Btw, I'm not against a speed limit. What I'm against is a ridiculously low speed limit that is out of touch with current reality......as well as the enforcement approach (in that they make 10-20 km/h already a violation......or depending on the officer/enforcer, even just excess of 1 km/h or 2 km/h = fine already + either confiscation of drivers license or confiscation of vehicle license/number registration plate hno::bash

P.S.
@ChrisZwolle

Since you are road traffic researcher (I presume), I think you are familiar with the negative consequences of an extremely low speed limit as well as to what a "true" speed limit should really be.


----------



## ChrisZwolle (May 7, 2006)

In my opinion, 100 km/h on an elevated skyway across a dense urban area is not unreasonable at all. It would've been 60-80 km/h in Japan for instance.


----------



## Blackraven (Jan 19, 2006)

ChrisZwolle said:


> In my opinion, 100 km/h on an elevated skyway across a dense urban area is not unreasonable at all. It would've been 60-80 km/h in Japan for instance.
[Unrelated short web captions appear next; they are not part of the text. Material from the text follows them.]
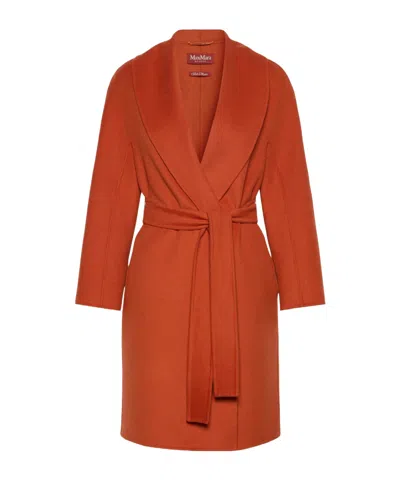 Max Mara Long-sleeved Coat In Brown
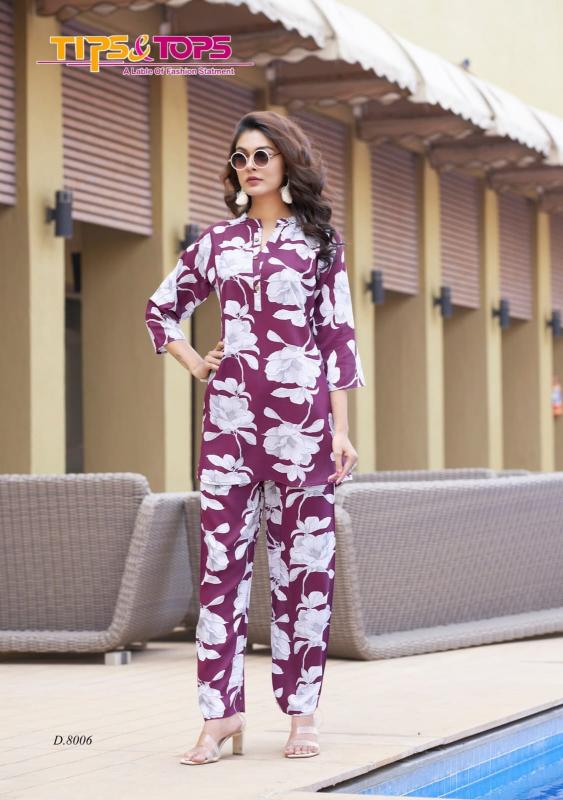 Tips & Tops Fashion Beats Vol 08 Rayon Printed Co Ord Set Wholesale Catalog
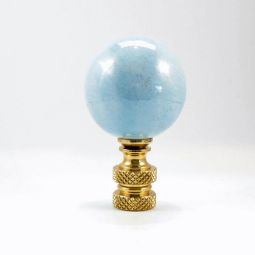 Lamp Finial: Light Blue Ceramic Ball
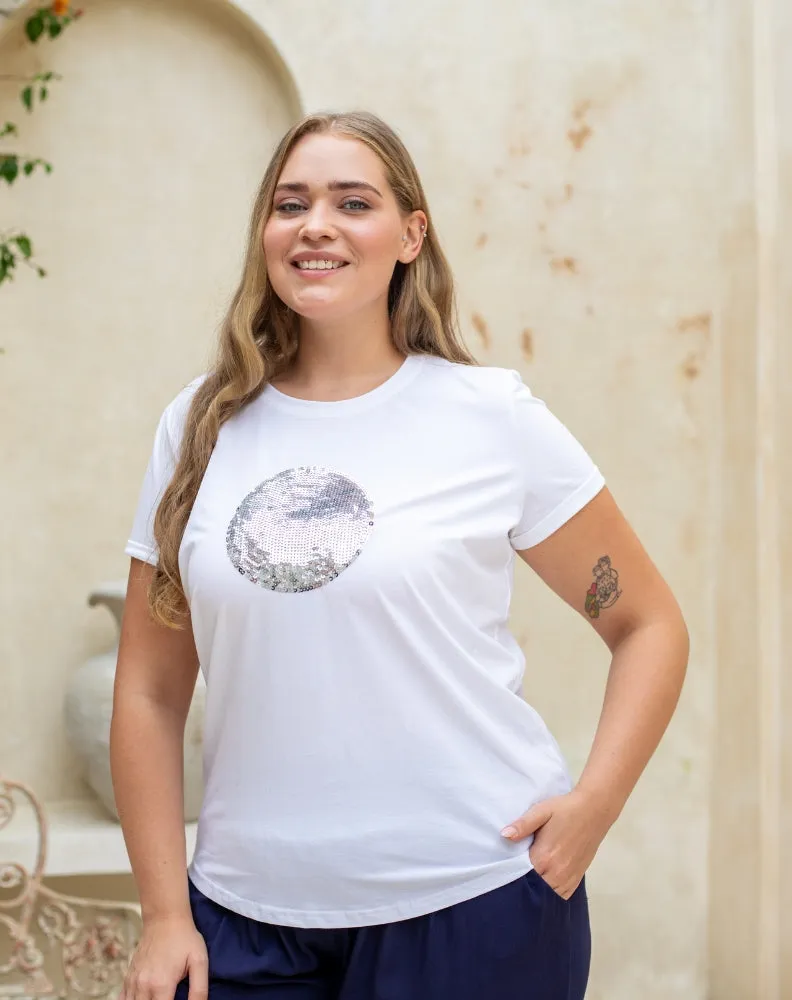 Circle Sequin Tee - White sold by Freez product image thumbnail 3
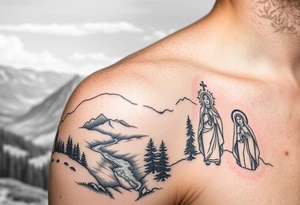 Mountainous valley with creek and a few trees with a Russian orthodox kazan scene covering my shoulder entering my upper arm with a Russian orthodox Virgin Mary tattoo idea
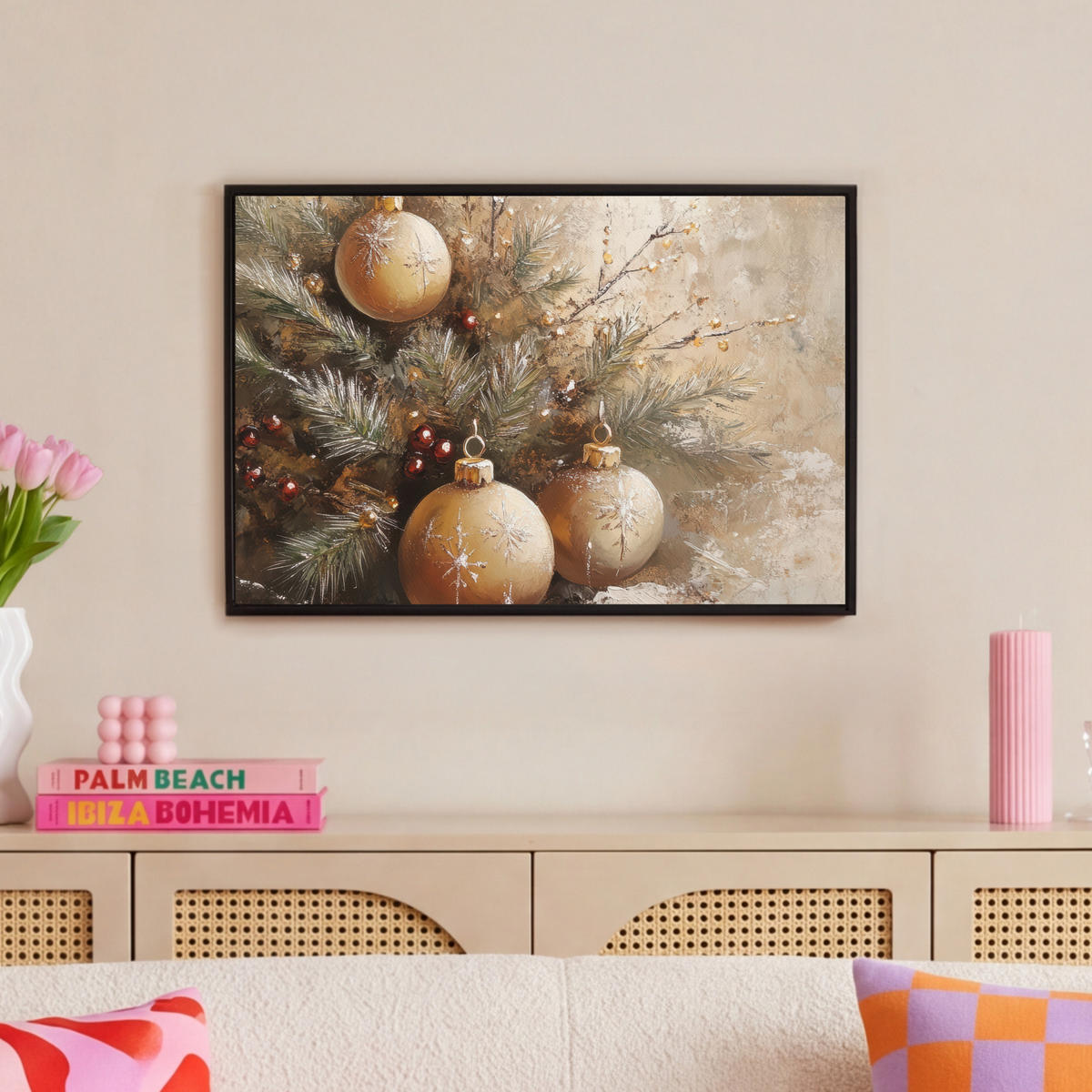 LEINWAND Bilder mit Rahmen - Weihnachten - Kugeln - Beige - Gold - 60x40 - Goldfarben, Textil (60/40cm) - MuchoWow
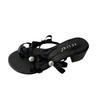 2025 Thick-heeled French Bow Pearl-toed Slippers Women's New High-heeled Sandals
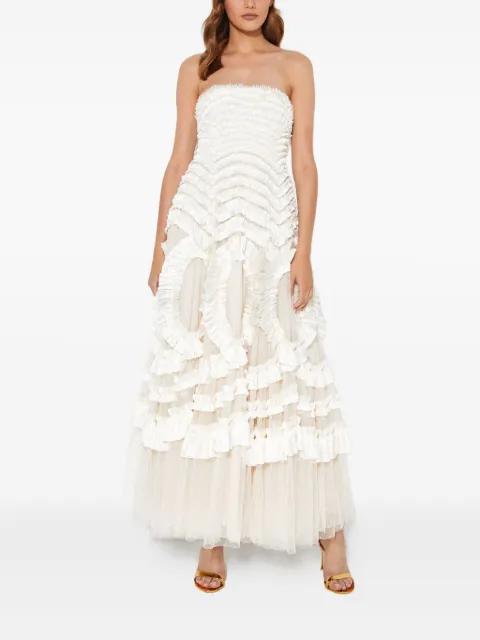 Hyacinth ruffled gown by NEEDLE&THREAD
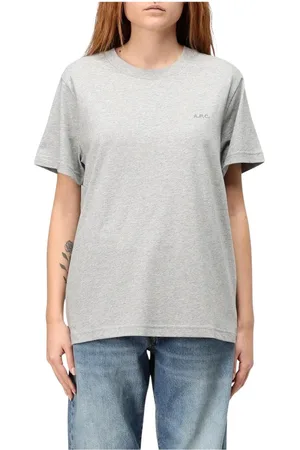 A.P.C. Tops, Dames, Grijs, L, Katoen, Witte Crew Neck Tee, Veelzijdige Garderobe Essentie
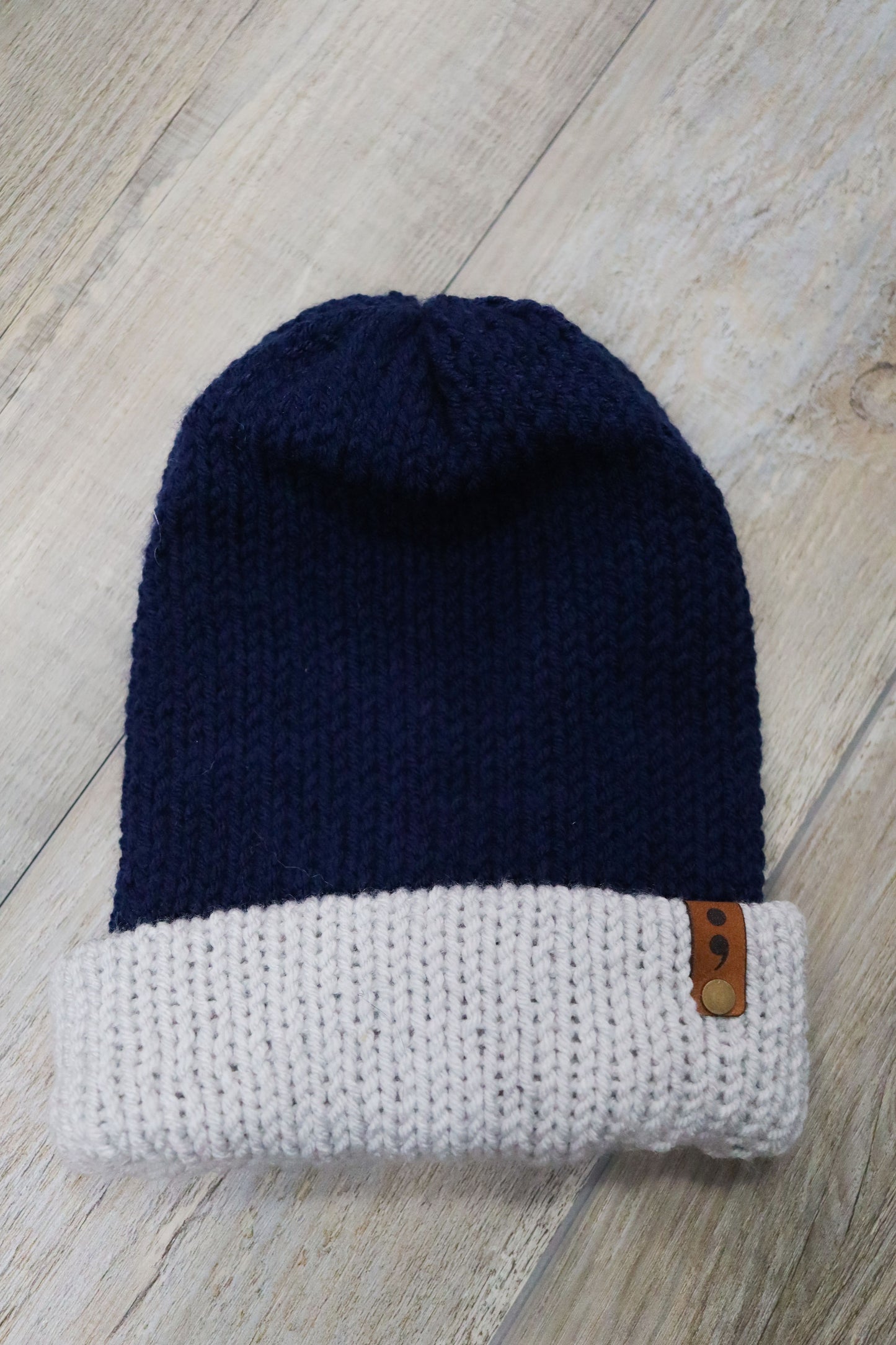 Navy & Gray Knit Hat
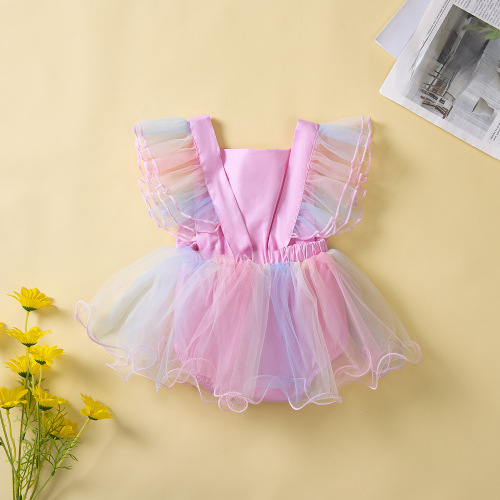 SAMGAMI BABY童装新款婴儿夏季网纱哈衣渐变粉蝴蝶结宝宝连体衣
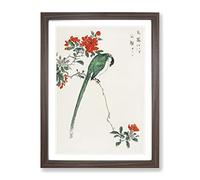 Long Tailed Tit & Pomegranate By Numata Kashu Asian Japanese Framed Print | A2 Walnut Framed Wall Art | Ready to Hang | Asian Nature Picture | Living Room Bedroom Lounge Office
It would've been okay (in some cases) but with that 100 km/h speed limit was implemented during Martial Law era here in the Philippines when at that time vehicles were still not as advanced compared to what we have now.

Oh and you have a point about Japan. But even then, there are also people who choose go past that national maximum. In fact, I know most JDM cars there have a 180 km/h ECU limiter and 180 km/h is really more than enough there. Too fast is not advisable but too slow is dangerous. Speed is relative...



-------
Anyways, when my dad gets back from America next month, I guess he's to go get his front license plate back (@CarltonHill he has to claim it at LTO HQ in East Avenue, Quezon City)


----------



## TheFlyPL (Jun 21, 2007)

OMG 14km/h more on expressway :bash:.

In Poland you have to double the speed limit to have your licence suspended. Even if drive two times faser the police can but don't have to take your licence.


----------



## FM 2258 (Jan 24, 2004)

Texas seems to be going in the right direction with their speed limits. In Austin they just raised the speed limit to 70mph up from 60-65 to near downtown, downtown was raised from 55-60. Out of town they're bringing the default speed limit to 75mph after an "engineering study" Plus out in west Texas and on one of the new tollways outside of Austin the speed limit is 80mph.


----------



## Agurv (Aug 14, 2011)

Speed Limit used to be 55mph on the PA turnpike. It was asinine. They bumped it up to 65, but I still feel thats too slow


----------



## Blackraven (Jan 19, 2006)

FM 2258 said:


> Texas seems to be going in the right direction with their speed limits. In Austin they just raised the speed limit to 70mph up from 60-65 to near downtown, downtown was raised from 55-60. Out of town they're bringing the default speed limit to 75mph after an "engineering study" Plus out in west Texas and on one of the new tollways outside of Austin the speed limit is 80mph.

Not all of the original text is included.